*What this task involves:* Among the entries below, please repeat exactly and only the lines from the line containing "Classic Coated Low" to the line containing "Solar magnetic RV", both lines included.

*Material for this exercise:*
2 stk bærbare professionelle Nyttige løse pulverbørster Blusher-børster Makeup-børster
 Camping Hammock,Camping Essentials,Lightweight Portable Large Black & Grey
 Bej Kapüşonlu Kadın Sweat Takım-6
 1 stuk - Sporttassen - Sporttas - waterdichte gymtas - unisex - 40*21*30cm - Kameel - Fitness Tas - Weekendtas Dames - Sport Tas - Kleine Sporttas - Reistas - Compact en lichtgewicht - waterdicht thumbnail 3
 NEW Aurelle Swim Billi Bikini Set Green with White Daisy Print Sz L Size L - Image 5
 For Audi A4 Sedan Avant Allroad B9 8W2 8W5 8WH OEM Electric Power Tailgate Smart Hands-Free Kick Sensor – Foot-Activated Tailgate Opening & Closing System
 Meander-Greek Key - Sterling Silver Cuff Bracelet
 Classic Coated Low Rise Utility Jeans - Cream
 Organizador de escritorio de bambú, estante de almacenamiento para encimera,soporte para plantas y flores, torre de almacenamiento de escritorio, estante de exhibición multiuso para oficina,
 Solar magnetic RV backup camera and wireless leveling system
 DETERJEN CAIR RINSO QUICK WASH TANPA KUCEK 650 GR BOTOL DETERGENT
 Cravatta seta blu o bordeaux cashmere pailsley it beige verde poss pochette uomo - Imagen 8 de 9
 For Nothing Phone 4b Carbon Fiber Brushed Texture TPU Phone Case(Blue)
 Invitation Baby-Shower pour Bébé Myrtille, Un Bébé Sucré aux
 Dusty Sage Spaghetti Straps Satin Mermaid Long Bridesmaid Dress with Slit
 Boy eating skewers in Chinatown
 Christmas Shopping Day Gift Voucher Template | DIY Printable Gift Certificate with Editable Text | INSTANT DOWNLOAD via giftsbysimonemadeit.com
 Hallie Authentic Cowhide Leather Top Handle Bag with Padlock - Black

*Result for this task:*
 Classic Coated Low Rise Utility Jeans - Cream
 Organizador de escritorio de bambú, estante de almacenamiento para encimera,soporte para plantas y flores, torre de almacenamiento de escritorio, estante de exhibición multiuso para oficina,
 Solar magnetic RV backup camera and wireless leveling system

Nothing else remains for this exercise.